柔軟性・俊敏性が求められるビジネス
リーマンショック以降の世界経済の悪化から、企業は投資削減、減産、リストラなど、より一層の効率経営を追求し、様々なコスト削減の施策を講じてきた。企業は、コスト削減だけでなく生産性の維持・向上のため、物理的資産を持たない仮想化によるサーバー統合や、SaaSやクラウドの利用ということも視野に入れ始めた。また、クライアント/サーバーモデルによって、分散化されサイロ化してしまったITリソースも、二重投資や管理コストの増大を理由に、集約化・統合化することも急務となっている。
ITバブルのころは、資金調達、業務拡張、市場拡大のために企業統合や買収(M&A)が盛んに行われていた。しかし最近では、不況を背景にした業界再編という動きにあわせたM&Aに状況が変化してきている。経済や市場が縮小する中、「オーガニックグロース(自然成長)」だけでは十分ではない場合、海外市場やM&Aによる成長・拡大は、生き残るための必須の戦略になるといえる。
現在、企業経営に求められるのは、様々な経済環境に迅速かつ柔軟に対応する能力である。新しいサービスや施策を素早く展開し、効果が期待できなければ直ちに撤退しなければならない。企業アライアンスや部署の改変、グローバルパートナーとの連携に対応する柔軟性も必要である。
混沌とした状況を整理する基軸としてのデータ統合
上述したような、グローバリゼーションやM&A、さらにはビジネスプロセスアウトソーシングが加速している上に、様々な法規制への迅速な対応も経営課題になっている。これらの市場動向を鑑みると、企業はあらゆるデータを可視化する体制の確立が急務であり、企業の成長を考える上で鍵となるのは、重要な情報資産であるデータの統合と、その活用であると言えるだろう(図1)。
なぜなら、情報資産の活用の観点からデータに着目すると、企業では基幹システムや業務アプリケーションなどのシステムが乱立し、企業内には様々なデータがばらばらに散在しているケースが多い。元データがどこにあるのか、どのようにシステム間が連携しているのかを正確に把握することは難しく、効果的な情報資産の活用がなされてない。
さらには、機能拡張やメンテナンスの繰り返しで、データを可視化するのが困難な状況になっており、運用や保守にかかるコストを抑制すべく既存システムを見直そうにも、どこから何に手をつけていいか分からない。このような、混沌とする状況を整理する基軸となるのがデータ統合である。

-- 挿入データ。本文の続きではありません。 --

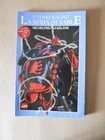 Spider-Man The Challenge of Sabre Marvel Gold No.7 1996 Summer Special [G664]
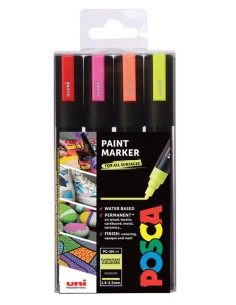 POSCA PC-5M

例えば、業務をSOA(Service Oriented Architecture)によってサービス化するためには、ビジネスプロセスの標準化が必要であり、それにはワークフローだけでなく、データのフォーマットや流れも一元的に統合・管理できなければならない。またサーバー統合を仮想化によって実現するには、ストレージやデータベースなどをどのように構成させるかの戦略も必要だ。
企業内の複数システムの統合で最も重要なのは、業務システムごとに異なるデータを戦略的に統合し、それらに整合性を持たせること、およびデータ構造の一元化である。このとき、単に物理サーバーを仮想化してハードウェアを共有させるだけでなく、業種・業態に合わせたデータモデルの標準化ができれば、システム全体の効率化も図れるからだ。

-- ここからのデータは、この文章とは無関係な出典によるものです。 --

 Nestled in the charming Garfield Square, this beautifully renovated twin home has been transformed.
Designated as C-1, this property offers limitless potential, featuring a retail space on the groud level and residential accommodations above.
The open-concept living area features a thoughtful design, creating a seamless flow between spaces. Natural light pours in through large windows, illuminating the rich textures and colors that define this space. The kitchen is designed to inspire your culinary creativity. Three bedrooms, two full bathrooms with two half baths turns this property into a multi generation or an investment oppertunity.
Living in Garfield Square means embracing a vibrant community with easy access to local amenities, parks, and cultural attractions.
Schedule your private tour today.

また、データを活用するという視点に立つと、整理・抽出した情報資産をBI(Business Intelligence)によってさらに効率よく利用するという考えもある。BIにおいて重要なのは、正確なデータをしかるべきタイミングで正しく処理することである。判断の基準となるデータの整合性や信頼性に不備があるようでは、適切な経営分析や意思決定は不可能だからだ。そこで、いかなるプロジェクトにおいても課題となるデータ問題への解決方法の一つとして、データ統合プラットフォームが重要になる。